Even if I’d had the time, I wouldn’t have been able to put words to the months that have passed since I last posted here. So much has changed, and I don’t know where to begin again.
I have a new home state, a new job, a new house, and, oh yeah, a new baby, so finding time to write should probably fall somewhere on the list behind the other things I rarely get to do— bathe, wear things that don’t smell vaguely of rotten milk, eat something other than trail mix— and yet, here I am.
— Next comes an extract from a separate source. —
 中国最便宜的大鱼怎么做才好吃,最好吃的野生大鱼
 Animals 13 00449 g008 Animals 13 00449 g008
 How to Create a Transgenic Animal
And now, she naps. And now, I write.
I unwrapped a few pieces of furniture last night. As I peeled the tape and moving blankets off of my coffee table— you know, the one with the glass top and the cubbies full of old books, glitter birds, and other useless things— I remembered how, when I bought it— and, rather insensibly, wrestled it out of the back of my car on my own— I knew that it wasn’t really for that house. It was always for a future house. I lived with it in Madison, always knowing that it would move on (and so would I). I lived with it in Colorado, though it never quite fit. And neither did I.
I was struck last night, though, by the sense that it was meant for this house. That we were meant for this house. I can’t describe my affection for this mid-century marvel—
a white brick and vinyl ranch with technicolor carpeting, a time-capsule kitchen, and a pair of yellow bathroom sinks which, in their white-topped vanity, resemble an diner plate of sunny side up eggs—
It’s everything I never really wanted. I’m a Victorianist. I long for clapboard siding, curving stairs, and garret windows. Glass panes that have poured themselves slowly downward across a century or two. Gabled ceilings and squat doorways meant for curiously smaller men and women (stooped and starved and squeezed). Forgotten attics. Grimy coal chutes. Sitting rooms and servant’s quarters.
But somehow, this house just feels right (even though so much of it is just plain wrong). We have a lot to do, but for once, I feel no rush to make it right. We have time. And we have wallpaper. So much wallpaper.
I feel like I can breathe. I love the trees here, the wild turkeys in the fields, the profound depth of the wild woods that border our lot, the fawn and doe that have made their home in our backyard. The way that the nights are turning cold, the glow of the lights from the bedroom windows that I see when I walk the dogs under the magnolia tree at night.
We’re home now. The little things can wait.